Last year, I got an inquiry from Russia’s fourth largest city, Yekaterinburg, about helping them rethink their transit system. An excellent local NGO called Gorod.pro put the project together, and after the usual struggles over visas and insurance, I’m off to Yekaterinburg next week to work with City and foundation staff on new options for network design. If you read Russian, you can follow along on the project page.
We’ve laid out an initial analysis of the system in our Choices Report, which is now public. You can download it here: English. Russian.
Yekaterinburg has several transit networks, which is not necessarily better than having one. There’s a metro, a tram network, a trolleybus network, a local bus network, and a range of small-bus products, and they mostly look like they’ve been designed separately, rather than working together. There’s an emphasis on low-frequency direct services rather than high-frequency connective services, so that’s a trade-off we’ll explore.
One key thing we did was to draw what may be the first map that shows all the transit services. You can find it in the report, but here’s a slice. The colors here mean frequency (red is 15 or better, green is 30 or better, green is 60 or better). The number symbols distinguish the technologies.

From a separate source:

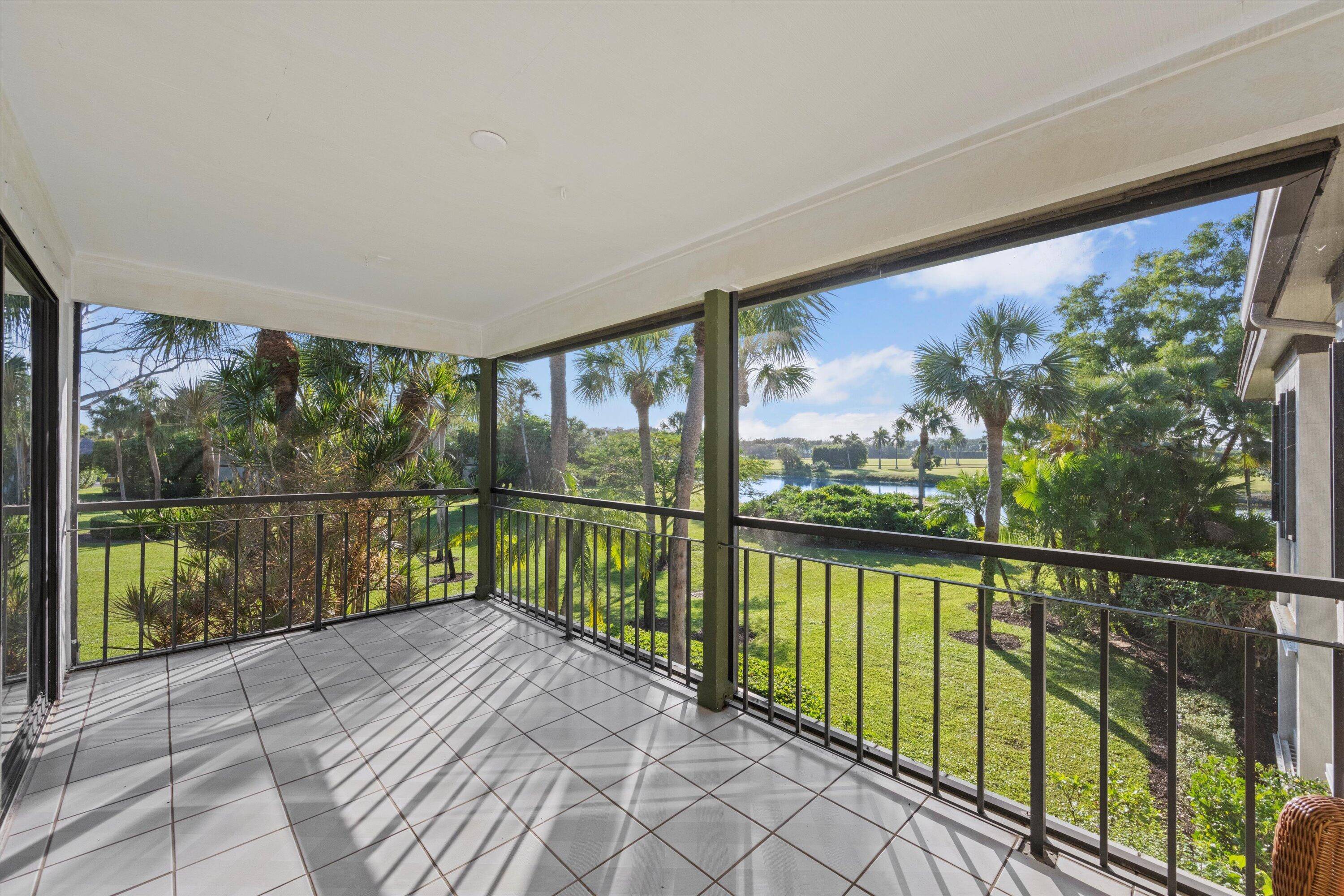 Nestled in Wellington's prestigious Palm Beach Polo and Country Club, this stunning 3 bedroom, 3 bathroom Cowdray Park Condo offers both luxury and convenience.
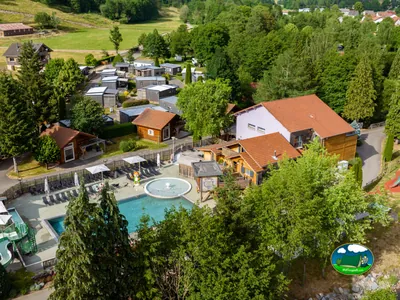 Vista aérea con piscina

We think maybe this could be simpler.
And of course, when you have a lot of infrequent lines piled up on the same long segments, it means you could afford more frequent lines if you combined them.
But it’s all about trade-offs. I ask the questions but the locals answer them. We’re happy to see people downloading and reading our Choices Report, and I’m looking forward to great conversations (in simultaneous translation) over the next two weeks.